もはや爆発音とは思えない音が、盛大に鼓膜を揺るがす。爆風と熱風が木々の間を駆け巡り、ほぼ枠組みだけとなった建物を吹き飛ばす。
「技、速さ、意思、殺す事に対する躊躇いの無さ、いいねぇ。…強いて言うならば、剣の手入れか。その剣、血の臭いが酷い。武器はもっと大切にしねぇと嫌われんぞ?」
そんな中で、どこかふざけた感じで、2つの巨大な武器を器用に振り回しながら、呟くルギナス。
その武器は、本来斬れないはずの魔法をもぶった斬り。
しばらくすると、爆発は止んだ。巻き上げられた土埃が、辺りに立ち込めて。じっ、とルギナスがその中のある一点を見つめる。
と、次の瞬間、サグリアがそこから飛び出てきた。目を血走らせ、涎を垂らし、完璧に正気ではない。
再びぶつかる武器、散る火花。一人は狂い、一人は楽しみながら音を奏で、共に踊る。
何回ぶつけあっただろうか。ある時それは急に起きた。
…ピシ、ピシピシッ
そんなよくよく耳を澄ましていないと聞こえない程の音がサグリアの剣から聞こえた。
両者共に想像を越える力をぶつけあった結果、剣に限界が来たのだ。
「ほらな。だから大切にしろ、と言ったじゃないか」
ルギナスは横から斧の方を一閃。サグリアは何も考えず、剣で受け止める。
しかし、剣はまた不愉快な音を立て、斧がめり込んできた。
ミシミシと死の音を奏でながら、サグリアの首に迫る斧。
自分の剣が壊れていくのを深緑のどこか濁った目で見て、彼は何を思うのだろうか。敗北感、絶望、…はたまた死を思うのだろうか。
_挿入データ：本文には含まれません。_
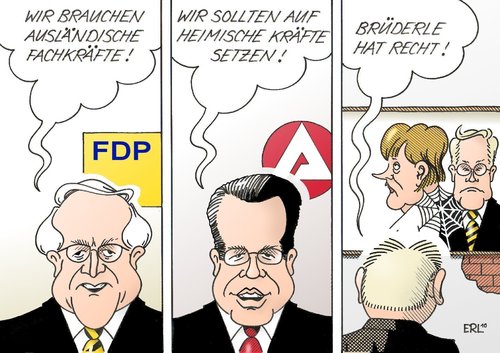 Cartoon: Brüderle (medium) by Erl tagged brüderle,fdp,vorschlag,fachkräftemangel,fachkräfte,ausland,weise,arbeitsagentur,heimisch,regierung,koalition,schwarz,gelb,unbeliebt,umfragewerte,tief,brüderle,fdp,vorschlag,fachkräftemangel,hartz,iv,sätze,alg,ii,arbeitslosengeld,arbeitslos,geld,arbeitslosigkeit,arbeitslose,job,arbeit,beruf,langzeitarbeitslose,drückeberger,existenzminimum,reform,gehalt,einkommen,lebenshaltung,lebenshaltungskosten,menschenwürdig,menschenunwürdig,regelsätze,regierung,koalition,arbeitsagentur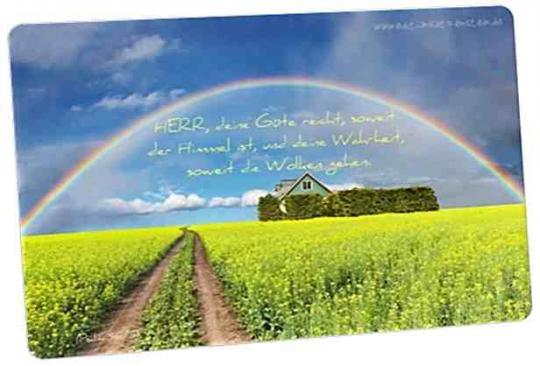 Christliche Postkarte: Regenbogen über Rapsfeld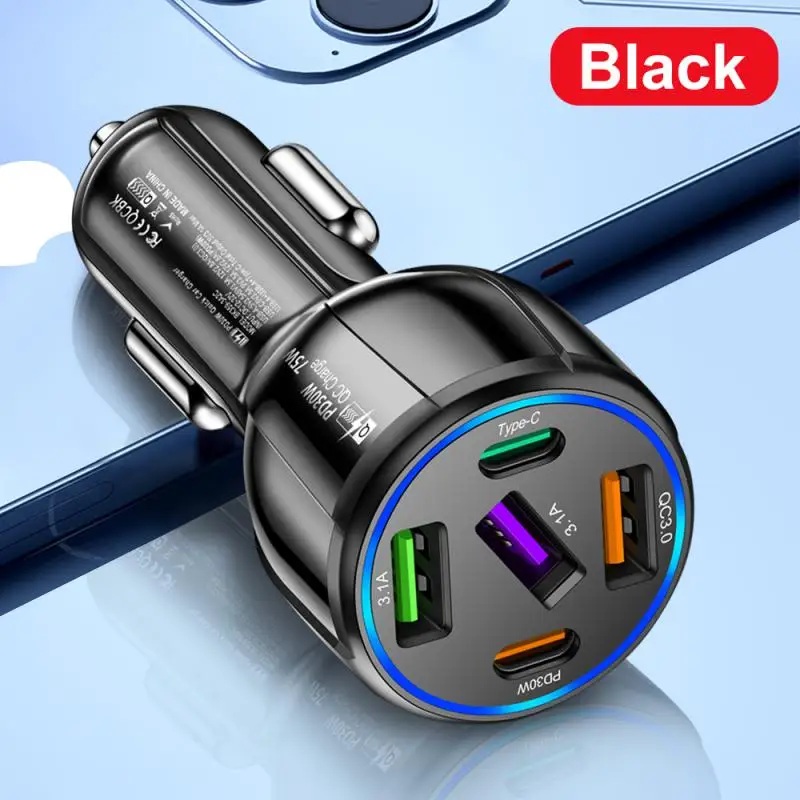 75W Fast Charging One Trailer Five 3USB+2PD Car Phone Charger Fast Car Charger Socket Power Adapter Converter Car Accessories
75W Fast Charging One Trailer Five 3USB+2PD Car Phone Charger Fast Car Charger Socket Power Adapter Converter Car Accessories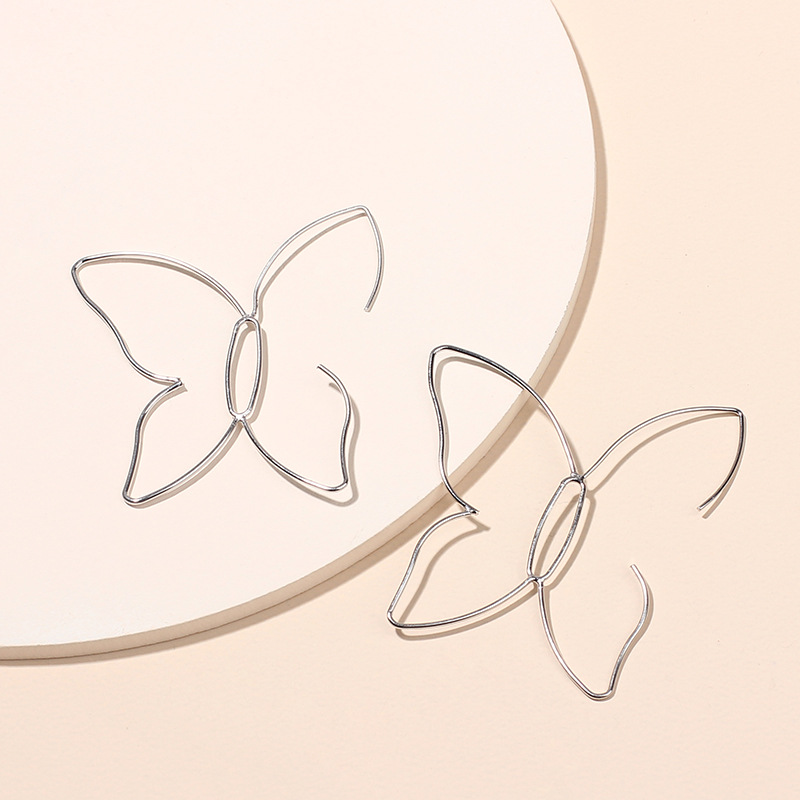 5g Weight Earrings Classification Wedding, Travel Occasion Women'S Gender Fashion Style White, Gold Color Fashion Simple Butterfly Line Hollow Earrings Simple And Large Earrings Wholesale Nihaojewelry 2
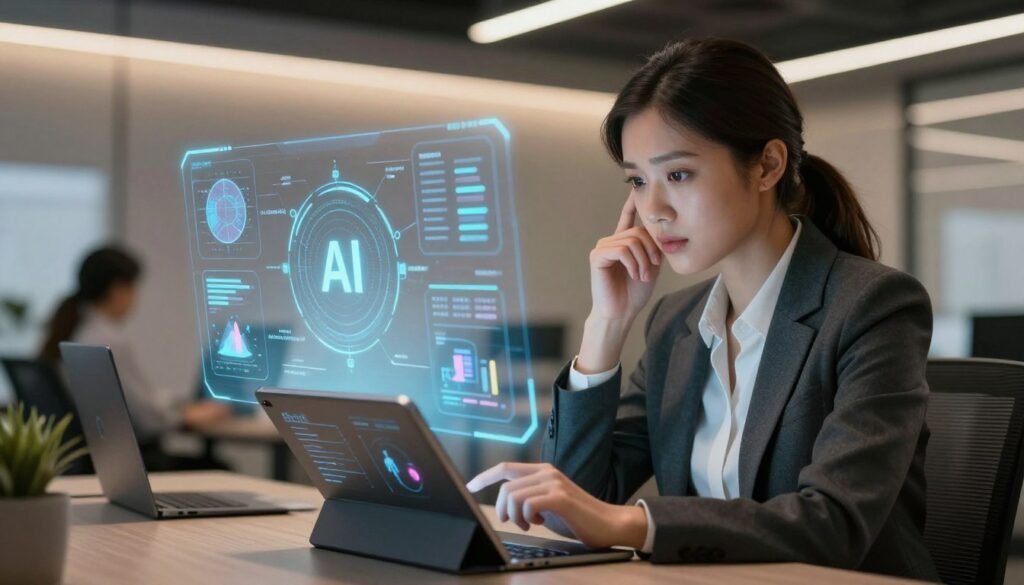 A visually engaging workspace illustrating the workings of Elicit AI, featuring a detailed diagram on a sleek digital tablet. In the foreground, a professional woman in business attire, intently analyzing data on the tablet, her expression reflecting curiosity and focus. The middle ground showcases a glowing holographic interface displaying various AI processes, such as data collection, analysis, and visualization. The background features a modern office environment, softly lit with warm ambient lighting, enhancing the innovative atmosphere. The scene captures a blend of technology and human insight, emphasizing collaboration in research. The composition is shot from a slight angle to create depth, utilizing a soft focus to highlight the technology while maintaining clarity on the professional figure's engagement. A visually engaging workspace illustrating the workings of Elicit AI, featuring a detailed diagram on a sleek digital tablet. In the foreground, a professional woman in business attire, intently analyzing data on the tablet, her expression reflecting curiosity and focus. The middle ground showcases a glowing holographic interface displaying various AI processes, such as data collection, analysis, and visualization. The background features a modern office environment, softly lit with warm ambient lighting, enhancing the innovative atmosphere. The scene captures a blend of technology and human insight, emphasizing collaboration in research. The composition is shot from a slight angle to create depth, utilizing a soft focus to highlight the technology while maintaining clarity on the professional figure's engagement.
そんなことを考えながら、ルギナスは戸惑うことなく更に斧に力を込め、一気に大斧をそのまま振り抜き、サグリアの首にそれを埋めた。
………そして振り返る。森にこそこそ逃げようとする、男達に。
「ひっ、ひいぃぃ………」
誰かがそんな声を上げる。ルギナスは無言で1歩前に出た。男達はみな1歩後ろに下がる。ルギナスはまた1歩前に出て。今度は2歩下がる男達。
そんなことを繰り返していると、男の中から1人、奇声を上げながらルギナスに斬りかかる者が出た。勿論黒いオーラを纏った状態で。
しかしそれは呆気なく一瞬で切り伏せられる。
逃げ場が無いと判断したのかそれぞれ目配せし、約10人全員が一斉に土下座をした。
「お、お願いします!!殺さないで下さい!何でもしますから!」
「…………人を殺す事で手に入れる力なんて要らねぇ。そこに走ったお前らをなんで助けなきゃなんねぇんだよ。……それに、さっき言っただろ。覚悟はできてるか、って。それだけ重いんだ。それをよく考えてからまたやってこい。この世にな」
唸る様なルギナスの声。
そしてそれと共に振り下ろされる斧と剣。
声になることのない絶叫が森に響きわたった。